Activity: Without changing a word, copy every line of the listing below and leave out the images.

Source material:
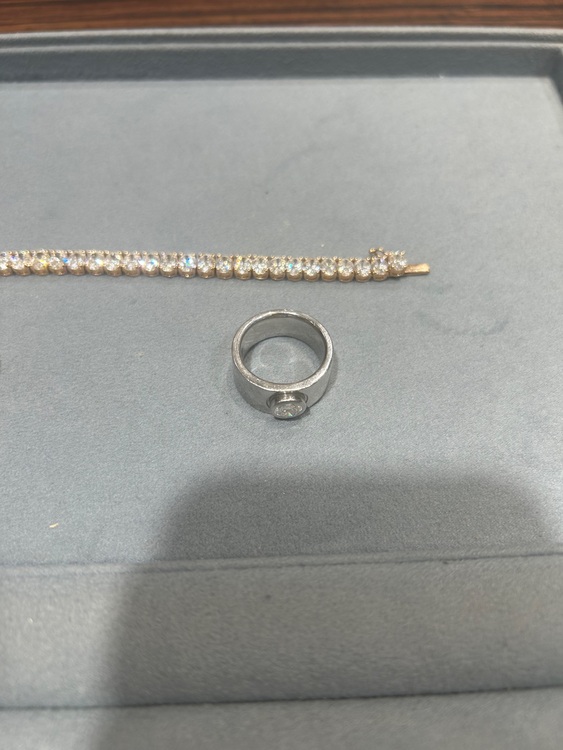 写真で添付します（宝石）の商品画像 - 査定依頼日：2025年10月28日 - 最高査定価格：1,500,000円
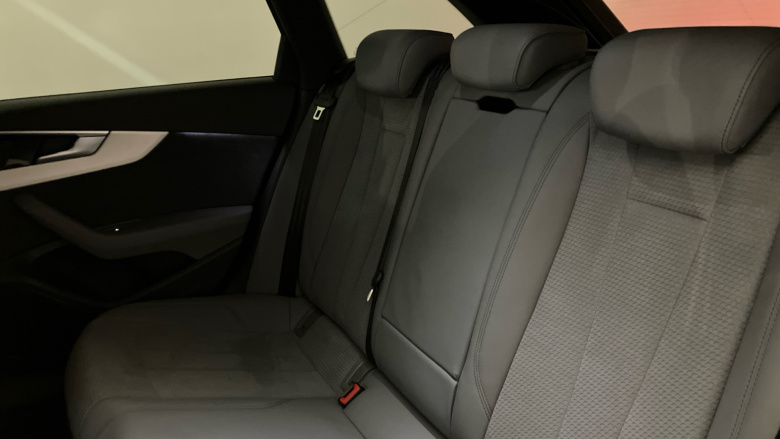 Audi A4 35 TDI S Line 5dr S Tronic Diesel Estate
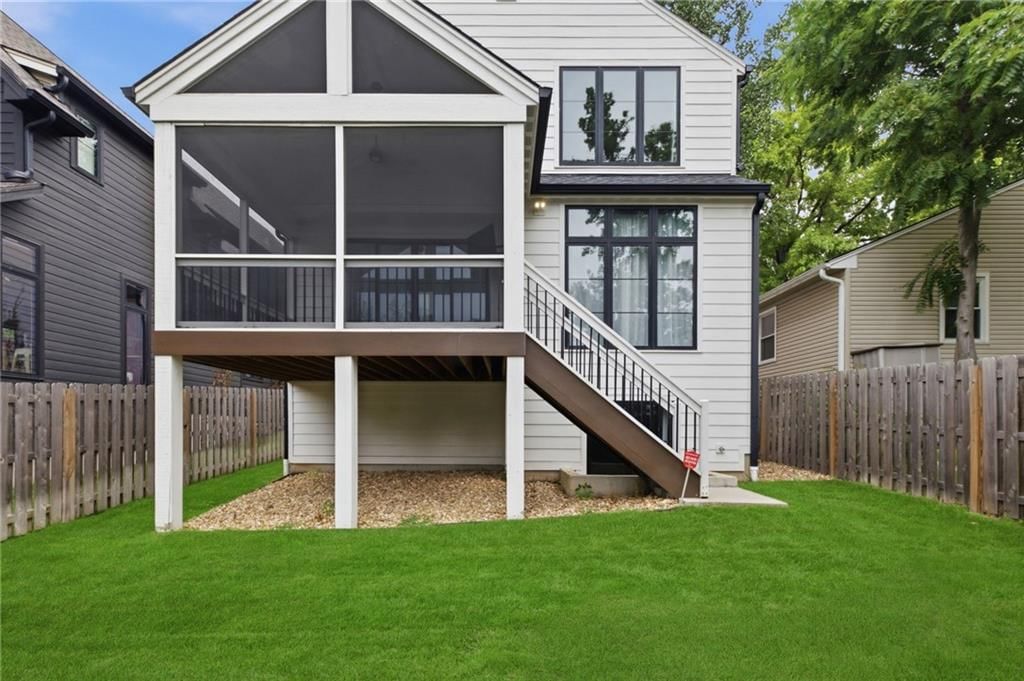 2207 W 48th Street — photo 36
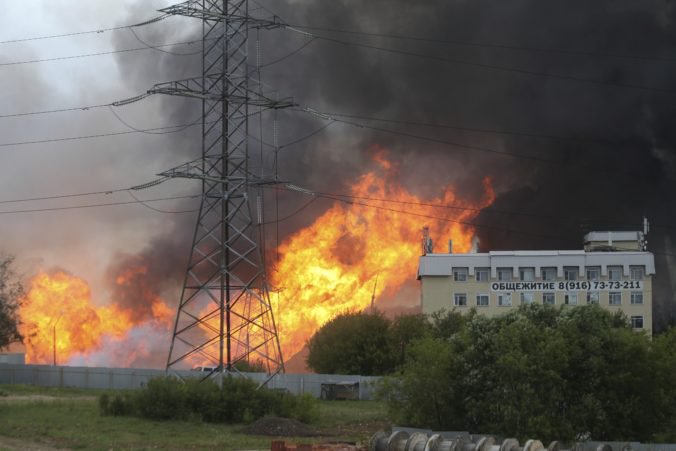Video: V tepelnej elektrárni pri Moskve vypukol silný požiar, jeden z energoblokov sa odpojil
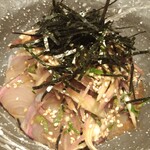 九州の地魚料理 侍 - 博多胡麻サバが切れたとの事で、鰤の胡麻和え〜たっぷりの海苔と鰤に磯の香りが漂う〜♡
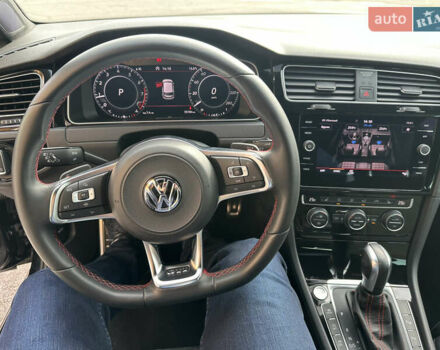 Черный Фольксваген Гольф, объемом двигателя 1.98 л и пробегом 71 тыс. км за 26000 $, фото 28 на Automoto.ua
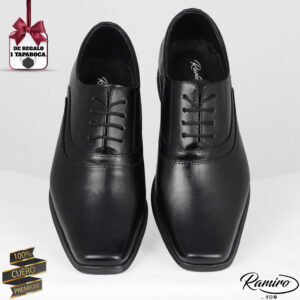 Zapato Negro Liso Con Cordón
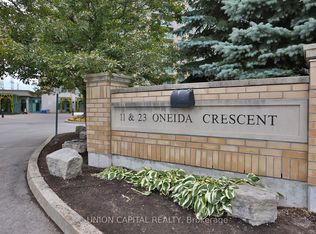 23 Oneida Cres #612, Richmond Hill, ON L4B 0A2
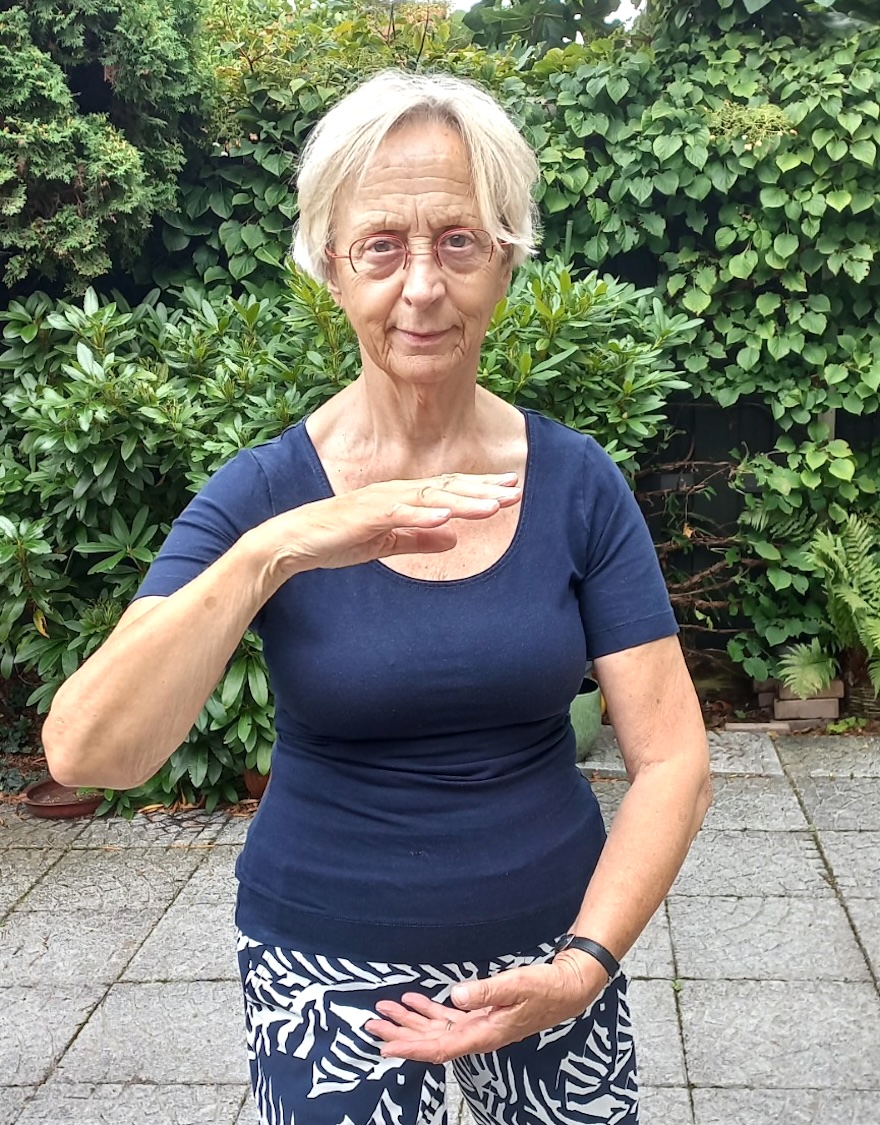 Annelies van Loon, lerares taijiquan in Leiden en invalster voor de Hortus taiji groep
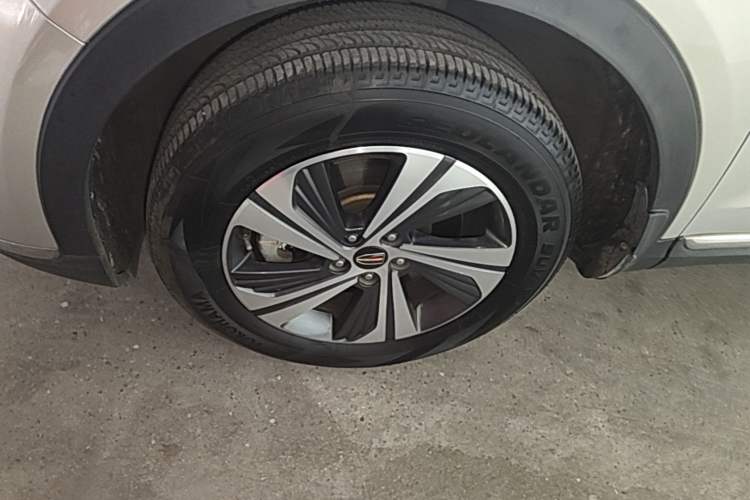 Used Hongqi HS5 2019 2.0T Smart Connect Flagship Edition Left Front Wheel Hub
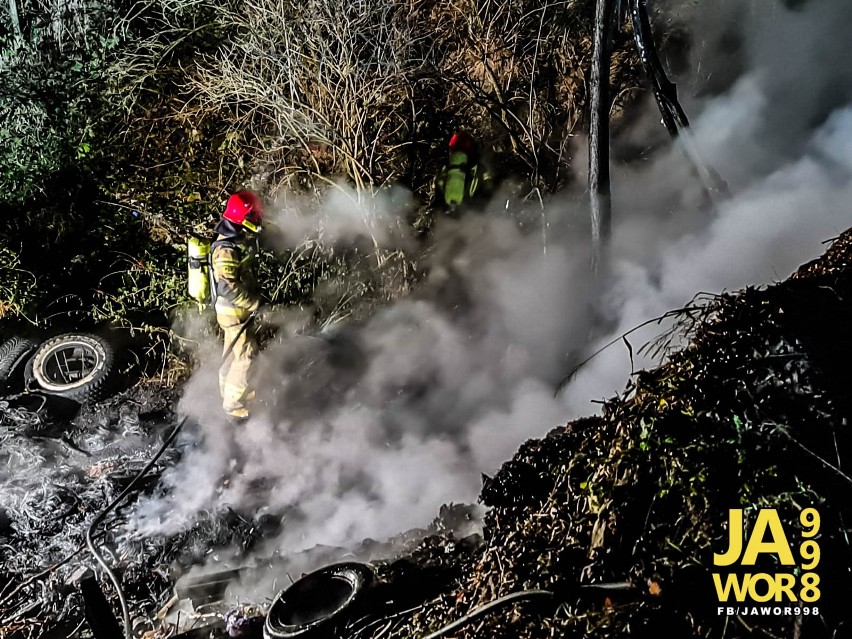 Pożar dzikiego wysypiska śmieci w miejscowości Sobolew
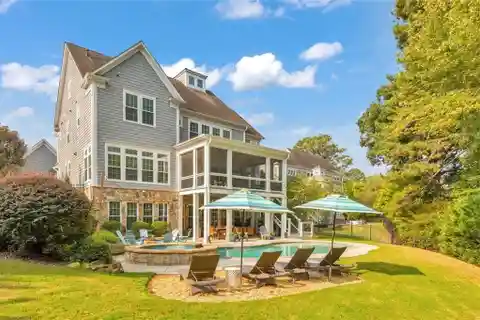Breathtaking Home in an Exclusive Community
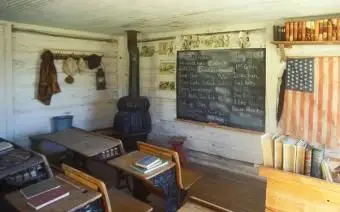 Antike Hängebauchöfen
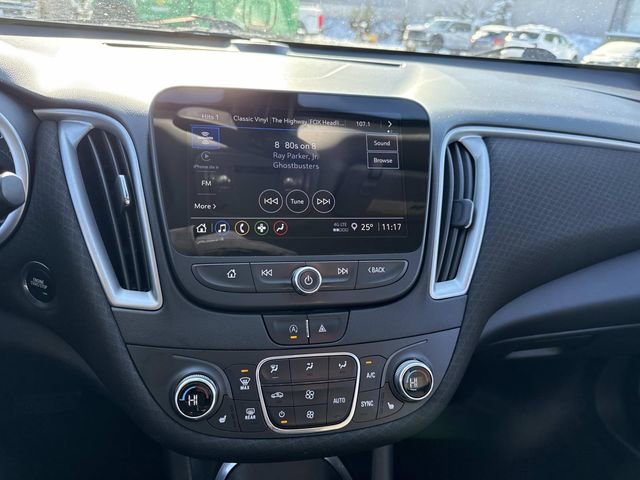 Used 2022 Chevrolet Malibu LT image 22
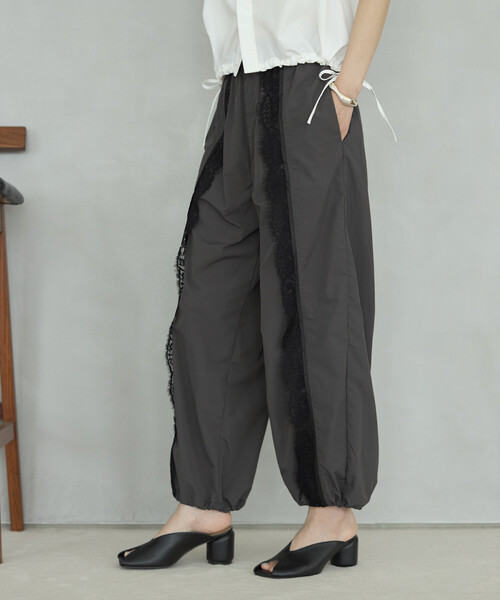 Firsthand(ファーストハンド)の「Firsthand/ファーストハンド ナイロン レース ワイド イージーパンツ(その他パンツ・レディース・ブラック/チャコールグレー・MEDIUM/SMALL)」の6枚目の写真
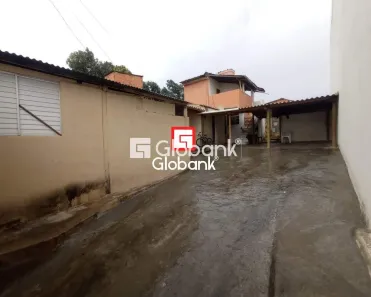 Casa com 4 Quartos à venda, 180m² no São José, Montes Claros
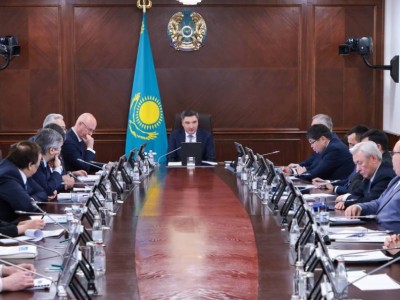 Олжас Бектенов сарапшылармен экономиканы одан әрі дамыту мәселелерін талқылады.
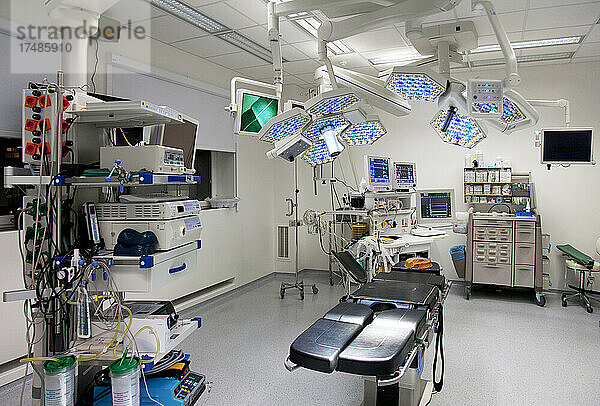 Moderner  gut ausgestatteter Operationssaal in einem neuen Krankenhaus.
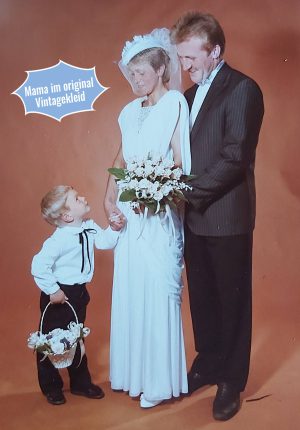 Mutter in original Vintagekleid
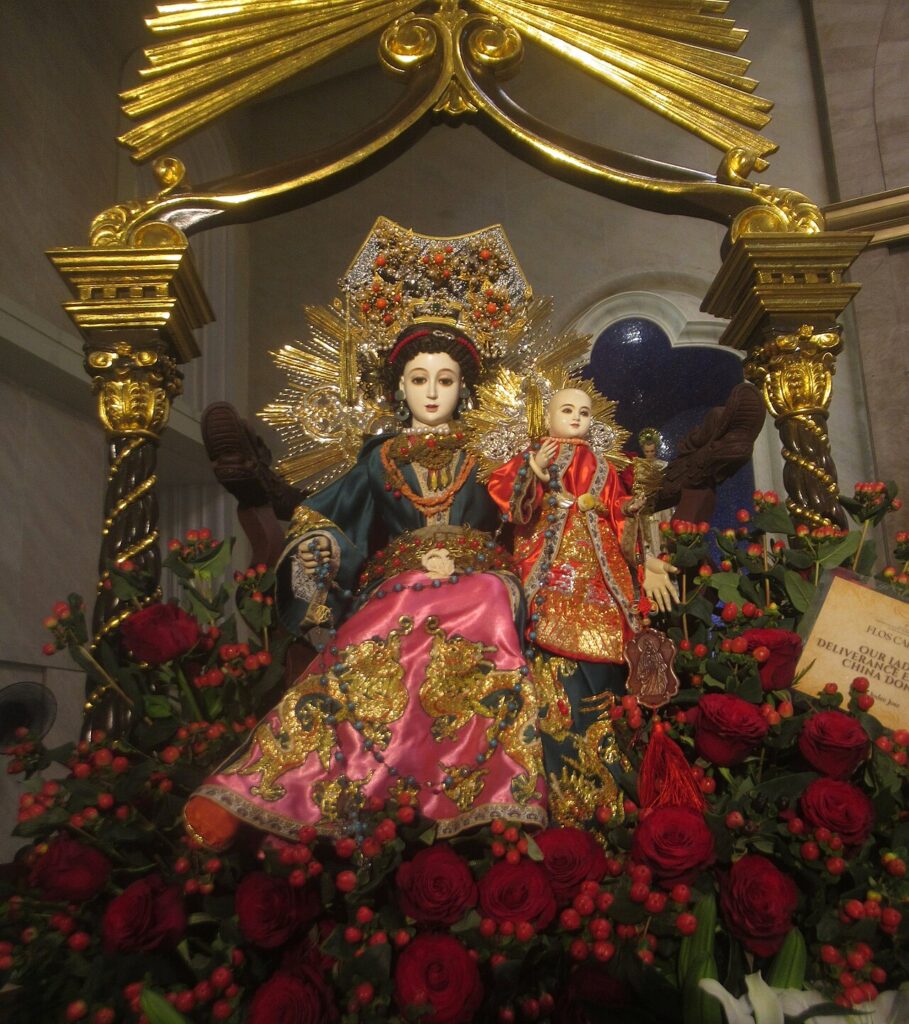 La imagen de Nuestra Señora de China (Donglu)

Solution:
 写真で添付します（宝石）の商品画像 - 査定依頼日：2025年10月28日 - 最高査定価格：1,500,000円
 Audi A4 35 TDI S Line 5dr S Tronic Diesel Estate
 2207 W 48th Street — photo 36
Video: V tepelnej elektrárni pri Moskve vypukol silný požiar, jeden z energoblokov sa odpojil
 九州の地魚料理 侍 - 博多胡麻サバが切れたとの事で、鰤の胡麻和え〜たっぷりの海苔と鰤に磯の香りが漂う〜♡
 Черный Фольксваген Гольф, объемом двигателя 1.98 л и пробегом 71 тыс. км за 26000 $, фото 28 на Automoto.ua
 Zapato Negro Liso Con Cordón
 23 Oneida Cres #612, Richmond Hill, ON L4B 0A2
 Annelies van Loon, lerares taijiquan in Leiden en invalster voor de Hortus taiji groep
 Used Hongqi HS5 2019 2.0T Smart Connect Flagship Edition Left Front Wheel Hub
 Pożar dzikiego wysypiska śmieci w miejscowości Sobolew
Breathtaking Home in an Exclusive Community
 Antike Hängebauchöfen
 Used 2022 Chevrolet Malibu LT image 22
 Firsthand(ファーストハンド)の「Firsthand/ファーストハンド ナイロン レース ワイド イージーパンツ(その他パンツ・レディース・ブラック/チャコールグレー・MEDIUM/SMALL)」の6枚目の写真
 Casa com 4 Quartos à venda, 180m² no São José, Montes Claros
 Олжас Бектенов сарапшылармен экономиканы одан әрі дамыту мәселелерін талқылады.
 Moderner  gut ausgestatteter Operationssaal in einem neuen Krankenhaus.
 Mutter in original Vintagekleid
 La imagen de Nuestra Señora de China (Donglu)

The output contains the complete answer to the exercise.